## Part 1 Data

In [3]:
import requests
import os
import pandas as pd
import json

In [4]:
def get_city_bike_data(city_name):
    url = 'http://api.citybik.es/v2/networks/'
   
    response = requests.get(url)
    
    if response.status_code == 200:
        data = response.json()
        networks = data.get('networks',[])
        for network in networks:
            if network['location']['city'].lower() == city_name.lower():
                return network
        print(f"'{city_name}' not found in the CityBikes API.")
        return None
    else:
        print(f"Error: Unable to fetch data for {city_name}. Status code: {response.status_code}")
        return None

In [5]:
city_name = 'Vancouver'
city_bike_data = get_city_bike_data(city_name)

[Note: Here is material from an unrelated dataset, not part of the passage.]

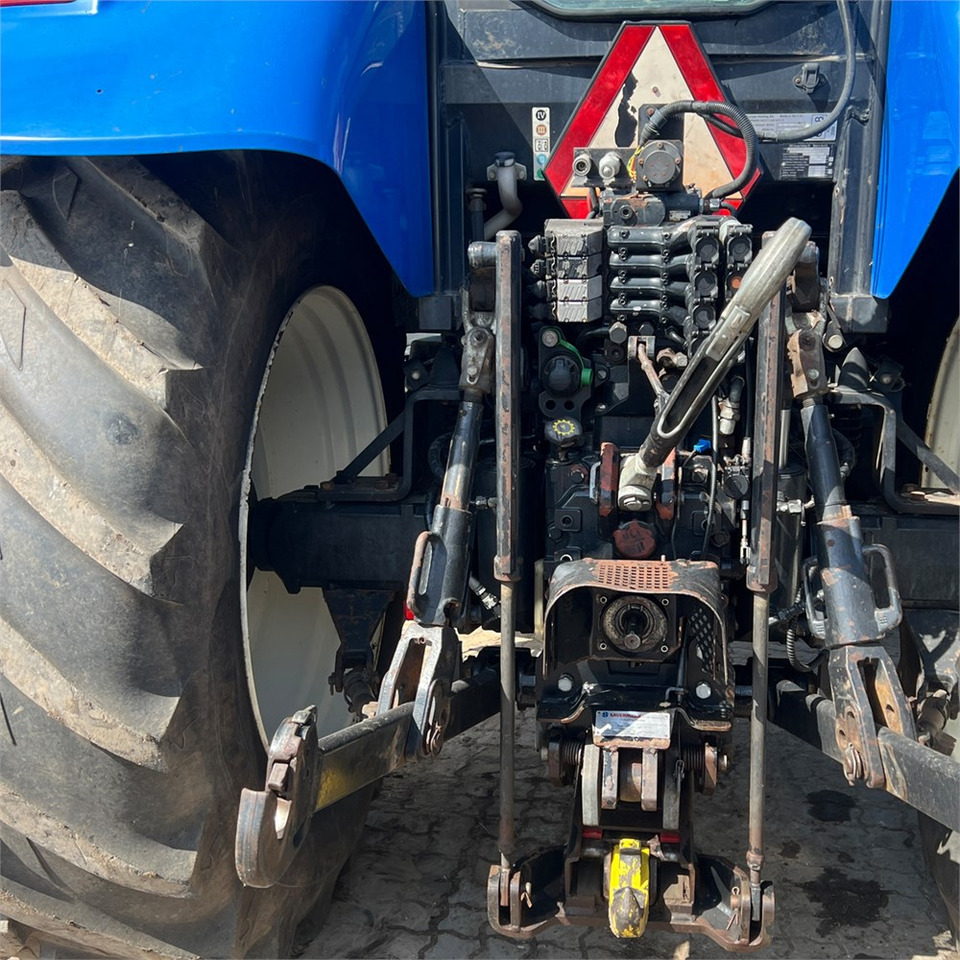 جرار New Holland T6050: صورة 34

if city_bike_data is not None:
    print(json.dumps(city_bike_data, indent=4))

{
    "company": [
        "Vanncouver Bike Share Inc.",
        "CycleHop LLC",
        "City of Vancouver",
        "Shaw Communications Inc.",
        "Fifteen"
    ],
    "gbfs_href": "https://vancouver-gbfs.smoove.pro/gbfs/2/gbfs.json",
    "href": "/v2/networks/mobibikes",
    "id": "mobibikes",
    "location": {
        "city": "Vancouver",
        "country": "CA",
        "latitude": 49.2827,
        "longitude": -123.1207
    },
    "name": "Mobi"
}


In [6]:
def get_bike_station_details(city_name):
    url = f'http://api.citybik.es/v2/networks/{network_id}'
    response = requests.get(url)
    
    if response.status_code == 200:
        data = response.json()
        return data.get('network', None)
    else:
        print(f"Error: Unable to fetch data for {network_id}. Status code: {response.status_code}")
        return None
    
network_id = 'mobibikes'
bike_station_details = get_bike_station_details(network_id)
    
if bike_station_details is not None:
    stations = bike_station_details.get('stations', [])
    if not stations:
        print(f"No bike stations data available for {network_id}.")
    else:
        station_details_list = []
        for station in stations:
            station_name = station['name']
            latitude = station['latitude']
            longitude = station['longitude']
            num_bikes = station['free_bikes']
            empty_slots = station['empty_slots']
            station_id = station['id']
            
            station_details_list.append({
                'Station Name': station_name,
                # 'Station ID': station_id,   #didn't want to show it to cluster data...
                'Latitude': latitude,
                'Longitude': longitude,
                'Available Bikes': num_bikes,
                'Empty Slots': empty_slots
            })
        df_city_bike = pd.DataFrame(station_details_list)
else:
    print(f"No data available for {network_id} or network ID not found.")

In [7]:
df_city_bike

Unnamed: 0,Station Name,Latitude,Longitude,Available Bikes,Empty Slots
0,10th & Cambie,49.262487,-123.114397,19,16
1,Yaletown-Roundhouse Station,49.274566,-123.121817,15,1
2,Dunsmuir & Beatty,49.279764,-123.110154,8,17
3,12th & Yukon (City Hall),49.260599,-123.113504,5,11
4,8th & Ash,49.264215,-123.117772,15,1
...,...,...,...,...,...
240,Cordova & Granville,49.285670,-123.112543,8,9
241,22nd & Main,49.250940,-123.101306,9,5
242,PNE - Hastings & Windermere,49.280977,-123.035969,5,35
243,1st & Fir,49.270783,-123.141564,9,11


## Part 2 Data

Setup

In [8]:
api_key = os.environ["location"]
client_id = os.environ["client_id"]
client_secret = os.environ["client_secret"]
api_version = '20230730'

location = "Vancouver, Canada"
url = "https://api.foursquare.com/v3/places/search?near=" + location

headers = {"Accept": "application/json"}

headers['Authorization'] = api_key

In [9]:
result = requests.get(url, headers=headers)
print(result)

<Response [200]>


In [10]:
data = result.json()
json_data = json.dumps(data, indent=4)
# print(json_data)

### Foursquare Data

In [11]:
city_name = "Vancouver, Canada"

# '49.2827,-123.1207'
def foursquare_bike_stations(city_name, latitude, longitude, api_key):
    url = f"https://api.foursquare.com/v3/places/search"

    params = {
        'll': f"{latitude},{longitude}",  # Latitude and longitude of the bike station
        'radius': 300,
        'categories': "13033",   # foursquare category for bubble tea shops
        'limit': 5
    }

    headers = {"Accept": "application/json"}
    headers['Authorization'] = api_key

    response = requests.get(url, params=params, headers=headers)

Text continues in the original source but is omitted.